Implementation for transaction #299

supercaracal · 2023-12-11T11:10:16Z

This issue is just opened to purpose to put together related pull requests. It will be closed when they are merged or closed.

feat: support transaction #277
Fix MULTI transactions calling the block twice #294
Support watch & unwatch properly #295
Implement "pinning" cluster connection to a single node - RedisClient::Cluster#with #298
Considerations:
- the determination of the node that the transaction should be sent to
  - The client can't determine the node until the first command included keys is passed.
- the handling redirects duaring the resharding
  - The client should not redirect any errors caused by user side bugs.
- the optimistic locking with the watch command
  - The watch command can watch multiple keys. However it should be called to a single node in a sharded cluster. So in practically, it allows only keys to a single slot.
- the key validation
  - There is a discussion whether should do it proactive or reactive.
  - I think the client doesn't need the proactive validation if the server do the strict validation.
- the compatibility between the redis-clustering gem
  - I think the redis-cluster-client gem should not be complex in excess due to the redis gem.
- the design
  - We should keep the interface same as the redis-client as possible.
  - We shouldn't bring any complexity to the code base just for the feature. Once the code messed up, we'll be hard to maintain it.
    - Of cource all bugs should be fixed.
  - Our gem shouldn't affect in excess by the redis-clustering gem.

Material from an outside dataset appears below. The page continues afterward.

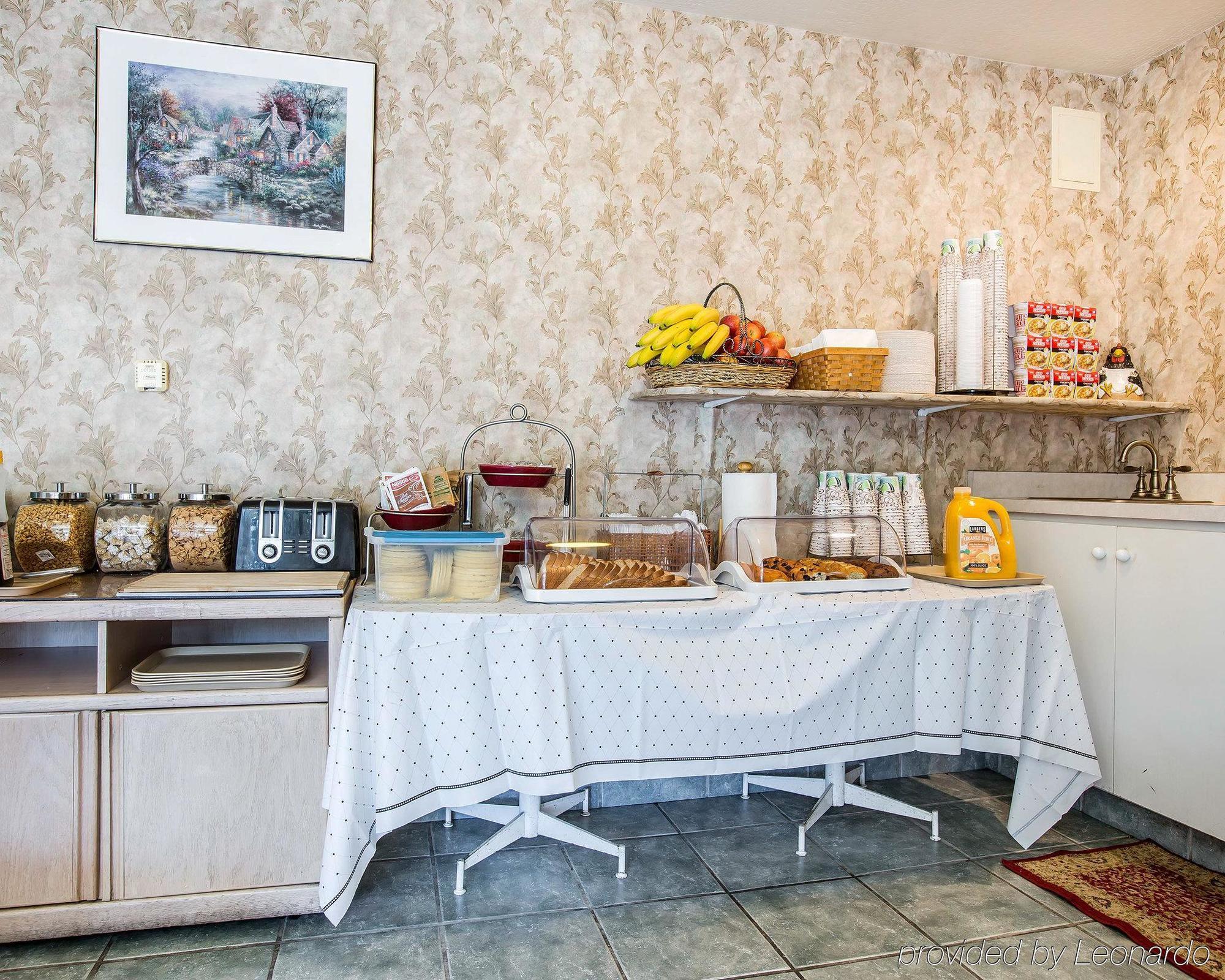 Bay Breeze Inn Сийсайд Екстериор снимка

The text was updated successfully, but these errors were encountered:

KJTsanaktsidis · 2023-12-12T02:33:59Z

OK - I think I'm going to close all three of those PR's (each of which try and solve the whole implementation at once, in three different ways), and begin opening smaller PR's for some of the prereq work to get cluster transactions working slightly better.

KJTsanaktsidis · 2023-12-13T05:43:03Z

OK, next up, is a new test helper & some further refactoring of the error handling logic in the router:

(Thanks for looking at the previous two so promptly!)

KJTsanaktsidis · 2023-12-14T03:36:21Z

I opened #306 as an alternative to handling blocking_v specially in response to your feedback.

supercaracal · 2023-12-14T05:25:19Z

Delete special handling of blocking command timeouts #306

The above pull request has been merged. Thank you.

KJTsanaktsidis · 2023-12-15T06:44:01Z

And for my next trick, now these two blocks of code are identical, so we can refactor this:

Refactor redirection error handling into one block #307

KJTsanaktsidis · 2024-01-08T05:59:22Z

Two more PR's for your consideration @supercaracal :)

KJTsanaktsidis · 2024-01-16T04:44:41Z

OK, couple more @supercaracal ! This is code you've mostly looked at before I think but I think they can now be merged in because all of the prerequisites are done.

Implement RedisClient::Cluster#with (again!) #311 - This implements #with again, without any kind of wrapping. The raw RedisClient instance is returned to the caller, which means the whole thing is now about 5 lines.
Implement RedisClient::Cluster::Command#extract_all_keys #312 - this implements an internal extract_all_keys method for getting all the keys out of a command. I want this for performing ahead-of-time checks on keys passed in to pinned clients, but it's probably a useful thing to have in the gem anyway.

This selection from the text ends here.